Once you find the line with "There is currently" in the data that follows, repeat it and every line after it exactly, through the line with "Twelfth: 'He has".
::: Given records
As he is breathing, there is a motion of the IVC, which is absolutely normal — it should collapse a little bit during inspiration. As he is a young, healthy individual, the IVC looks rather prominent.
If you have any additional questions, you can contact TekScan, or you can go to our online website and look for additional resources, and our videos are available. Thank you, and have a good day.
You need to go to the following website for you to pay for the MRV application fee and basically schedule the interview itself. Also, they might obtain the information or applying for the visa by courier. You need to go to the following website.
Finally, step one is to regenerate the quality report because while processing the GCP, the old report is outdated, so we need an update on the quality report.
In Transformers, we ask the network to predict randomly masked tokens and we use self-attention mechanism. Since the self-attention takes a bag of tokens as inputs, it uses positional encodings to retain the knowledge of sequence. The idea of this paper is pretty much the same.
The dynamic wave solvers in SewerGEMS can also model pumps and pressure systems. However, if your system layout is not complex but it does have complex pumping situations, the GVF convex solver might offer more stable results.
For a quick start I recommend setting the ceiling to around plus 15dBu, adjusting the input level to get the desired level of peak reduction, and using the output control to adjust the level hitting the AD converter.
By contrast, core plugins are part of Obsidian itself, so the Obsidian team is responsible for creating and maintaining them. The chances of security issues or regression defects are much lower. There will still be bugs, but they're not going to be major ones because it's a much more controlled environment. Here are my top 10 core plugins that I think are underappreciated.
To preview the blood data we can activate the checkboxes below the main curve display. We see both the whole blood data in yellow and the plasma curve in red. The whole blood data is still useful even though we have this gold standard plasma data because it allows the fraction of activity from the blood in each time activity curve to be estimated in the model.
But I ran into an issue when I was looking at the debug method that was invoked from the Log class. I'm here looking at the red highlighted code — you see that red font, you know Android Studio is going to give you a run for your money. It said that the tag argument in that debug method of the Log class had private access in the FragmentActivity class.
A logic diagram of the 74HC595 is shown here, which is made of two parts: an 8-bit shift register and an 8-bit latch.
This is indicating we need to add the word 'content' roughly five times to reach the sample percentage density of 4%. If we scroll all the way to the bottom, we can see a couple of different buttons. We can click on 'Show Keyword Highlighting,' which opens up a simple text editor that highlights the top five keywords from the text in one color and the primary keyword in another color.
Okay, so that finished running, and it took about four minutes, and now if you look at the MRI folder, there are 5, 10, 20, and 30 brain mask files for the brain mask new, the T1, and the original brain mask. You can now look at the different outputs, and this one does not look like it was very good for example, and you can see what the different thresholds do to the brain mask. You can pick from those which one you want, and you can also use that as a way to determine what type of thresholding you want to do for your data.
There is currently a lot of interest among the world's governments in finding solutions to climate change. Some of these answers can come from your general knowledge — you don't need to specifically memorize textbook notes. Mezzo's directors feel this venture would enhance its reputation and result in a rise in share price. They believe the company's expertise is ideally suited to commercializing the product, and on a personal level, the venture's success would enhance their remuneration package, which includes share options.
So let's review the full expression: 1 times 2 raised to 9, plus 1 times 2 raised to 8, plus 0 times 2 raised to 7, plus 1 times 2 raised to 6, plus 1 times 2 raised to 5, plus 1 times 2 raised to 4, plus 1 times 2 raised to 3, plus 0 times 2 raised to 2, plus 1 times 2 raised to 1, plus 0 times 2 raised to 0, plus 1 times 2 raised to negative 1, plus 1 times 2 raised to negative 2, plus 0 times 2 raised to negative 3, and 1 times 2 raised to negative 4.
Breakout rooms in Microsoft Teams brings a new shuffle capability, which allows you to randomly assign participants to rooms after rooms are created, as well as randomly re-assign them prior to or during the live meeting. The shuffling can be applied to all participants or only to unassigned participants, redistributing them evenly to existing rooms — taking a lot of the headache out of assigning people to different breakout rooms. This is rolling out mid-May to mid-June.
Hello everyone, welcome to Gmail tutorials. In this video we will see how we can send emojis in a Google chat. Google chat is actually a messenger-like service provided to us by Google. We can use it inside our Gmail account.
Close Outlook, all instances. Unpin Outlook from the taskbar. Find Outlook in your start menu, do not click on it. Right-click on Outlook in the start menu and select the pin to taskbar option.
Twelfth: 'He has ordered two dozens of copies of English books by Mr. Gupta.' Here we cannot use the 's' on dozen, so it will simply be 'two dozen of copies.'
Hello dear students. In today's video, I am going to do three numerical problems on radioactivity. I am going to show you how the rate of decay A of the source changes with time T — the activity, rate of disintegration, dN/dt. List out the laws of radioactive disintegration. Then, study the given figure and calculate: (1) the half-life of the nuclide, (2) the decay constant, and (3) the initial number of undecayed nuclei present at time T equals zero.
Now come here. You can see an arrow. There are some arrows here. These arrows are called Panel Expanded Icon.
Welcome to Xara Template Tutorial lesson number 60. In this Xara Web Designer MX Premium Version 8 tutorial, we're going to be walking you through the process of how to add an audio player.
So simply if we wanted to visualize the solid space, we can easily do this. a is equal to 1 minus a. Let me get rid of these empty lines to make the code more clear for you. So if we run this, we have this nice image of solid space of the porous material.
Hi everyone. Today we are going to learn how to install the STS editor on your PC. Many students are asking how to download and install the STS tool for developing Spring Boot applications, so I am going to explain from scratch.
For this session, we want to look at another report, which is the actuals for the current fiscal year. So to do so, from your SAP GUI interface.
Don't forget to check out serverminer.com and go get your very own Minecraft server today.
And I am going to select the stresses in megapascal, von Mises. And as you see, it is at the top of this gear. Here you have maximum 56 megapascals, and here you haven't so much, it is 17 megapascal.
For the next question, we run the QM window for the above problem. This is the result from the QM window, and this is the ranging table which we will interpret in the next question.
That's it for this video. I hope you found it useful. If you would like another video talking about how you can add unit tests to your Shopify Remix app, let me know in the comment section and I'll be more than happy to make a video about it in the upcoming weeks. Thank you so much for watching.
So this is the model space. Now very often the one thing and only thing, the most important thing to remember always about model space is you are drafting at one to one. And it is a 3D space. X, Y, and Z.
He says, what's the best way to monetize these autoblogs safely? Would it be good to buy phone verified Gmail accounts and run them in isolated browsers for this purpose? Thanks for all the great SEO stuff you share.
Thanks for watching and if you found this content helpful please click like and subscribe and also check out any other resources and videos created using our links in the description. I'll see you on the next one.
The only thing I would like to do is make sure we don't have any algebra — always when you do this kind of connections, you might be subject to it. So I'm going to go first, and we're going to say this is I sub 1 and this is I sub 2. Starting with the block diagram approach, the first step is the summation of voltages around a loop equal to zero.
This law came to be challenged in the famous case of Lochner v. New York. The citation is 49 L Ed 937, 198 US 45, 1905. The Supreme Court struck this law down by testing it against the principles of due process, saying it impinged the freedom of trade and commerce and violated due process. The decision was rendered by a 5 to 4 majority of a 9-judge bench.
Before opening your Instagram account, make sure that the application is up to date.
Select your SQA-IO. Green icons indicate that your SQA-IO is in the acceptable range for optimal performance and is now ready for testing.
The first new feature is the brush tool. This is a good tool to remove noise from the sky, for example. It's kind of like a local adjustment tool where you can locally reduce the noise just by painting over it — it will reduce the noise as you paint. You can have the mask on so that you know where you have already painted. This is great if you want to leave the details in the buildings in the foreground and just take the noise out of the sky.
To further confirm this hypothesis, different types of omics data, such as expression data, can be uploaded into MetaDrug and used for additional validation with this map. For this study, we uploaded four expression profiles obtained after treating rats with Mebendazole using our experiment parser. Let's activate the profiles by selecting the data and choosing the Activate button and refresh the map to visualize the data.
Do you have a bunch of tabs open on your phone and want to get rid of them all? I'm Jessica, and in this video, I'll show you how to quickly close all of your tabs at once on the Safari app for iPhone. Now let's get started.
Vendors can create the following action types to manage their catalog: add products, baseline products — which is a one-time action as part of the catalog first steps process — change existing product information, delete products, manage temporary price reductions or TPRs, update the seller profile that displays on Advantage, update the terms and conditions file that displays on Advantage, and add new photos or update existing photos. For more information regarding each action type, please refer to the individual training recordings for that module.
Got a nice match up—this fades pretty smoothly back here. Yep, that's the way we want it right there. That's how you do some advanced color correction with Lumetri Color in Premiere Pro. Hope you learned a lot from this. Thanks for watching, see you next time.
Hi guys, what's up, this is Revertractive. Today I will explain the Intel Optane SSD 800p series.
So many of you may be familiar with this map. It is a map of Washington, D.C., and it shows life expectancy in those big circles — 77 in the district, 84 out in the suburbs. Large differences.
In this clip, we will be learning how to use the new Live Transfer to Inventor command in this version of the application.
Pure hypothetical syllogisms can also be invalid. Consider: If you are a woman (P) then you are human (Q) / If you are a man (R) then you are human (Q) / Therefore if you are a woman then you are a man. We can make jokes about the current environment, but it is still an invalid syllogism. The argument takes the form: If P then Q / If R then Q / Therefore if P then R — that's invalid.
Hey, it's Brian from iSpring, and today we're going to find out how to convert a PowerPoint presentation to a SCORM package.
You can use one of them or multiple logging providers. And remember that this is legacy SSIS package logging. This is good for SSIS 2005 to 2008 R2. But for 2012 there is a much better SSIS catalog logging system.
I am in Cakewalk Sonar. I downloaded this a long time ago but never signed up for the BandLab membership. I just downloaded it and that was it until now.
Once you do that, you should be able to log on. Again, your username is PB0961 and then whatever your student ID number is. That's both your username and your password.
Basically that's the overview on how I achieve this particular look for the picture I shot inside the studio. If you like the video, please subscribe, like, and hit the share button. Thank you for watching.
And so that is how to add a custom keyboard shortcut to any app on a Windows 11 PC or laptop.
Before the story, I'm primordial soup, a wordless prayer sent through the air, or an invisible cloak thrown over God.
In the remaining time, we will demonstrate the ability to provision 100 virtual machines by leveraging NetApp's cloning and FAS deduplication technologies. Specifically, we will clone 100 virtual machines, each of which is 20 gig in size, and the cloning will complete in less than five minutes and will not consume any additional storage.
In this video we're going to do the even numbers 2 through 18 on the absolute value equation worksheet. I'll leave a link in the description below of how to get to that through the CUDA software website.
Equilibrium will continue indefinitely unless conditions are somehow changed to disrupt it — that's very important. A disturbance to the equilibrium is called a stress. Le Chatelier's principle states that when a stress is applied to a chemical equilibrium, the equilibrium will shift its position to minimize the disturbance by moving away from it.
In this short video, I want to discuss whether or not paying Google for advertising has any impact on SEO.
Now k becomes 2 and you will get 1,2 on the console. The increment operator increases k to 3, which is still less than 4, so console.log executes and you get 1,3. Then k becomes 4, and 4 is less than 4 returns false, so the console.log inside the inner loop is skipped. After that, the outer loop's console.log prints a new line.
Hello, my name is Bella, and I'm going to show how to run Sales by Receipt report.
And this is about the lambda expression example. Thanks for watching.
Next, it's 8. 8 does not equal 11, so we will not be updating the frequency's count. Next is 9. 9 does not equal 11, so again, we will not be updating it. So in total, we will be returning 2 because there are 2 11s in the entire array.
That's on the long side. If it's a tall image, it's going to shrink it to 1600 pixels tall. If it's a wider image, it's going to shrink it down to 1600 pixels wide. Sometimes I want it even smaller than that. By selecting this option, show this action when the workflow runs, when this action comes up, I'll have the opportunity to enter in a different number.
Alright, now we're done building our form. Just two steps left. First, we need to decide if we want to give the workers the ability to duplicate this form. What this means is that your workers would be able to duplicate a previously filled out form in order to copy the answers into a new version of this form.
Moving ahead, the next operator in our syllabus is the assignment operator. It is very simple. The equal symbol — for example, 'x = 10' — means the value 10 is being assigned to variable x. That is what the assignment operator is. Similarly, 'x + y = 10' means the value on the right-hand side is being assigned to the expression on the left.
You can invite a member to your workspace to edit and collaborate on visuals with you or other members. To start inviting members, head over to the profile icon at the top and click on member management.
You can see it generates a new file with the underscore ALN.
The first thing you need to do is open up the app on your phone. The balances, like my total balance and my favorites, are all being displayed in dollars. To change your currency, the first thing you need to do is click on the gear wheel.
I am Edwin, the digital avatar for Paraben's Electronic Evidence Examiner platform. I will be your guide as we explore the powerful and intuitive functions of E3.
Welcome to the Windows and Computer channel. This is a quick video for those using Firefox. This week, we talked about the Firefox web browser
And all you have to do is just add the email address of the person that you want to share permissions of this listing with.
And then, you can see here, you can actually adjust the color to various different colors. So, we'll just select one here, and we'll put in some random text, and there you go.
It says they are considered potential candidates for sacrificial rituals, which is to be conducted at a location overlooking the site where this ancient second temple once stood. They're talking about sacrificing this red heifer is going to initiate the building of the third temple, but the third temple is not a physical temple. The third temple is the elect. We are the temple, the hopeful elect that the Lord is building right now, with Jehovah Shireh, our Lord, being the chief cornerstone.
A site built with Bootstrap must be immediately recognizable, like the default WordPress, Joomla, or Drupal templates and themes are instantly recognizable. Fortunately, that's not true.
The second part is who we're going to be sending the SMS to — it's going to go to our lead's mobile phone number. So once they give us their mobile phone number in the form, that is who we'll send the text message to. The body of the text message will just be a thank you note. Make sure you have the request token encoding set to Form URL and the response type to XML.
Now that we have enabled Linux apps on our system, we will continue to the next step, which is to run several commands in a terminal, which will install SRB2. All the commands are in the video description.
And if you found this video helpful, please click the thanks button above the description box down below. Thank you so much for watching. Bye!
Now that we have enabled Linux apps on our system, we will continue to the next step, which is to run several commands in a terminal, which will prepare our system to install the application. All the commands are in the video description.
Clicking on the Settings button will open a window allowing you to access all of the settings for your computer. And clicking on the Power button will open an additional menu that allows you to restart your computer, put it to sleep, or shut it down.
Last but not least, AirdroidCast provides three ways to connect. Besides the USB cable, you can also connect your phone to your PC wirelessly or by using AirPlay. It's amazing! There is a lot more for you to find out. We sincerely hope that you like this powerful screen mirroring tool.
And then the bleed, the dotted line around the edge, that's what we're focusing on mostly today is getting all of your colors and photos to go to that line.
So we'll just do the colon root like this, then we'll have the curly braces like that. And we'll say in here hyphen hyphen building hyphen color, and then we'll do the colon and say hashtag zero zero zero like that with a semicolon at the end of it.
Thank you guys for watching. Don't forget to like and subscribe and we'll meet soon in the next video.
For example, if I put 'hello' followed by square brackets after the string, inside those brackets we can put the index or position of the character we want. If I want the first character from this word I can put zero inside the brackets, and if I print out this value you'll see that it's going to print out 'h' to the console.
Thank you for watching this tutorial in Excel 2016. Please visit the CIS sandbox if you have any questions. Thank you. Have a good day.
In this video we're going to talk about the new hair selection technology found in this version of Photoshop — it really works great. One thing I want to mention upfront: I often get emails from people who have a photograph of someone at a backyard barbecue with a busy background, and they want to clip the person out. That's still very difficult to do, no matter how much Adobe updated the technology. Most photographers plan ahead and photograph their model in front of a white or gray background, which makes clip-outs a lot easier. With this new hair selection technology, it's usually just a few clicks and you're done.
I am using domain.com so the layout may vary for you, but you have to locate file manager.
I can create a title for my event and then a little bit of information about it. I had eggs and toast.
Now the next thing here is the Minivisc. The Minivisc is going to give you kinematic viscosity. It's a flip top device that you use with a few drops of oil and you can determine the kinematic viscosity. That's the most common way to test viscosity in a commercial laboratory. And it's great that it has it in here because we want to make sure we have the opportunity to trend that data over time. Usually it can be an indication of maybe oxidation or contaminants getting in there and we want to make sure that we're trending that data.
::::::
Result:
There is currently a lot of interest among the world's governments in finding solutions to climate change. Some of these answers can come from your general knowledge — you don't need to specifically memorize textbook notes. Mezzo's directors feel this venture would enhance its reputation and result in a rise in share price. They believe the company's expertise is ideally suited to commercializing the product, and on a personal level, the venture's success would enhance their remuneration package, which includes share options.
So let's review the full expression: 1 times 2 raised to 9, plus 1 times 2 raised to 8, plus 0 times 2 raised to 7, plus 1 times 2 raised to 6, plus 1 times 2 raised to 5, plus 1 times 2 raised to 4, plus 1 times 2 raised to 3, plus 0 times 2 raised to 2, plus 1 times 2 raised to 1, plus 0 times 2 raised to 0, plus 1 times 2 raised to negative 1, plus 1 times 2 raised to negative 2, plus 0 times 2 raised to negative 3, and 1 times 2 raised to negative 4.
Breakout rooms in Microsoft Teams brings a new shuffle capability, which allows you to randomly assign participants to rooms after rooms are created, as well as randomly re-assign them prior to or during the live meeting. The shuffling can be applied to all participants or only to unassigned participants, redistributing them evenly to existing rooms — taking a lot of the headache out of assigning people to different breakout rooms. This is rolling out mid-May to mid-June.
Hello everyone, welcome to Gmail tutorials. In this video we will see how we can send emojis in a Google chat. Google chat is actually a messenger-like service provided to us by Google. We can use it inside our Gmail account.
Close Outlook, all instances. Unpin Outlook from the taskbar. Find Outlook in your start menu, do not click on it. Right-click on Outlook in the start menu and select the pin to taskbar option.
Twelfth: 'He has ordered two dozens of copies of English books by Mr. Gupta.' Here we cannot use the 's' on dozen, so it will simply be 'two dozen of copies.'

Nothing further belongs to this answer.